Herein lies a great blessing!    For a mother provides wisdom, nourishment and guidance for her children.   And so it is that one finds through loss, the possibility to become whole.   When we embrace the prayers offered by our Mother the Church,  Christ grafts healing and mends within our hearts the fullness of a fiercely gentle but unyielding hope.
A sacrifice of thanksgiving…  Again and again, praying for our departed loved ones, we fix our gaze toward Eternity, rather than focus on our loss and there  ~  in that space  ~ it is despite our burden  ~  or precisely because of it, that we find rest in the yoke of His Resurrection.
Death is a threshold, not an end.   We do not grieve as those who have no hope, but rest in the assurance that God will bring with Him those who sleep in Jesus.  ( 1 Thessalonians 4:14)


It is traditional for Orthodox families to offer a memorial service in Church on the third, ninth and fourtieth day after the passing of a loved one; and then each year commemorating the anniversary of their death.    During our memorial service, the family of the departed offers a sweet wheat known as kollyva.     Kollyva is boiled wheat with sugar and raisins, spices and nuts.   It is usually decorated with powdered sugar and jordan almonds.
This offering of boiled wheat is a remembrance of the resurrection  ~  for as a grain of wheat must be buried before it can bring forth fruit, so a man must be buried in order to be resurrected for eternity.


During an Orthodox Memorial Service a candle will be placed in the wheat and then the memorial service is chanted for the soul of the departed.


With the saints give rest, O Christ to the soul of your servants,  

Where sickness and sorrow are no more, but life everlasting.

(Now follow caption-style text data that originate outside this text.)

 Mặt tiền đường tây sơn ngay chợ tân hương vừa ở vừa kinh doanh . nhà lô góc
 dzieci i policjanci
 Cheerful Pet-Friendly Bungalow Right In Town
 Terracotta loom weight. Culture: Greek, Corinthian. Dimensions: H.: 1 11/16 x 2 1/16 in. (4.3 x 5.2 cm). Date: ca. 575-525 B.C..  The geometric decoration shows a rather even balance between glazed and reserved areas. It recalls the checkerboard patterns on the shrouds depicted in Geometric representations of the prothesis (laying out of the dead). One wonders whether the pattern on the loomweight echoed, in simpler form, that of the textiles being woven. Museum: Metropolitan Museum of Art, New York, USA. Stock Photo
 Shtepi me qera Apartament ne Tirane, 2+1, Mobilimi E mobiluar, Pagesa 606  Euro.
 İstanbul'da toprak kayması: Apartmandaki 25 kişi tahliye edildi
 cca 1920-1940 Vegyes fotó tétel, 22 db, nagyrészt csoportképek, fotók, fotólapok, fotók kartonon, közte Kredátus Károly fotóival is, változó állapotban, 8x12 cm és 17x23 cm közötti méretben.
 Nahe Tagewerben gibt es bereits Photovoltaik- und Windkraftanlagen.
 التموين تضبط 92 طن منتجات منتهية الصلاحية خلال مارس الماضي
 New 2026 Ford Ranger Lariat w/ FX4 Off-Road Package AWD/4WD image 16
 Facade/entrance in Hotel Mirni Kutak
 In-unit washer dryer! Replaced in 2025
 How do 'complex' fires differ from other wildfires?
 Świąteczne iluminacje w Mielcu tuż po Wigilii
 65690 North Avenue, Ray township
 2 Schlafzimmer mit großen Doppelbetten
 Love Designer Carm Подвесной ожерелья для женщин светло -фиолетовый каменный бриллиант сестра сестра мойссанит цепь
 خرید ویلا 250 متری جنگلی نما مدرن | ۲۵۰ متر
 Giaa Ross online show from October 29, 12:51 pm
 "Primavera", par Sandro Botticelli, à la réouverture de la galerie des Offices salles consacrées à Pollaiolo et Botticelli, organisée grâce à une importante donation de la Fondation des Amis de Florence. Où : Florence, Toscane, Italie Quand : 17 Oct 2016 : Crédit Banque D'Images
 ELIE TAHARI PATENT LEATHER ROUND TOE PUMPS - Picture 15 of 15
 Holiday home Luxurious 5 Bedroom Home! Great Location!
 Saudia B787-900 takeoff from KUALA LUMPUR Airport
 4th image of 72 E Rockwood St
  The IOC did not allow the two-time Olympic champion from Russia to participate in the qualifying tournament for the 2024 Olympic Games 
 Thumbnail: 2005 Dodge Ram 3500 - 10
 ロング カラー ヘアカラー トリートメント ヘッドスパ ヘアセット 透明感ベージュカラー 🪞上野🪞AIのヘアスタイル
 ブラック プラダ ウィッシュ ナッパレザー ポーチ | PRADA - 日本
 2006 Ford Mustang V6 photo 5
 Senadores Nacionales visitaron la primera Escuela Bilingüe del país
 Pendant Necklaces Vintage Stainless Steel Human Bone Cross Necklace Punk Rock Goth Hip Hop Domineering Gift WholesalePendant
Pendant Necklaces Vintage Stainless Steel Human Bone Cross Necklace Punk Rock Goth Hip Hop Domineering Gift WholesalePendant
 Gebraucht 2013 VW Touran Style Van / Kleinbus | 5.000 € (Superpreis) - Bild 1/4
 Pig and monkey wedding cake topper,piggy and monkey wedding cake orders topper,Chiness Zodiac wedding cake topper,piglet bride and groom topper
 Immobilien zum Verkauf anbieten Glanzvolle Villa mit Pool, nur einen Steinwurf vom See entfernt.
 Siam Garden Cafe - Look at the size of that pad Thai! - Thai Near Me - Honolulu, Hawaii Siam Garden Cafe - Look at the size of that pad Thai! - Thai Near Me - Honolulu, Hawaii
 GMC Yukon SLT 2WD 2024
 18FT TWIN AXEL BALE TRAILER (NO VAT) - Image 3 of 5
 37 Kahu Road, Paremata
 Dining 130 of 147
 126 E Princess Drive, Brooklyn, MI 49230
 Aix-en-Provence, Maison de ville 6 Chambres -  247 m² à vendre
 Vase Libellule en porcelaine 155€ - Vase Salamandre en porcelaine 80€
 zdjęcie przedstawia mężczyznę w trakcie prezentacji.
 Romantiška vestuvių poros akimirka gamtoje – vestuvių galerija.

May the memory of all of our departed loved ones be eternal!


There are several different recipes for kollyva but the main ingredient is soft white wheat and sugar.  This is the recipe our family uses, but many other ones may be found here.



  • 1 pound soft white wheat
  • 1 tablespoon cinnamon
  • 1 teaspoon cardamom
  • 1-1/2 cups golden raisins
  • 1 to 1-1/2 cup slivered almonds
  • 1 to 1-1/2 cup toasted sesame seeds
  • powdered sugar
  • jordan almonds
  • parchment or wax paper for smoothing sugar



  • Add the wheat to boiling water and let simmer for a half and hour.  You want the wheat to be soft but not mushy so be careful not to overcook it.
  • Once it is cooked, strain and rinse the wheat with cold water to stop the cooking.  Place it on a dry white tablecloth and spread it out.  Cover with another white cloth.  Let it sit for two hours or overnight.  This drains the water from the wheat.
  • After the wheat has rested, place in a large bowl with remaining ingredients and stir well.
  • Shape the top of the wheat so that it is smooth.  You may smooth it so it is flat within the vessel you are using or rounded like ours.
  • Top the wheat with powdered sugar.   It should be about 1/4 inch thick all over.  Then take parchment to flatten and smooth the sugar.
  • Now decorate with jordan almonds.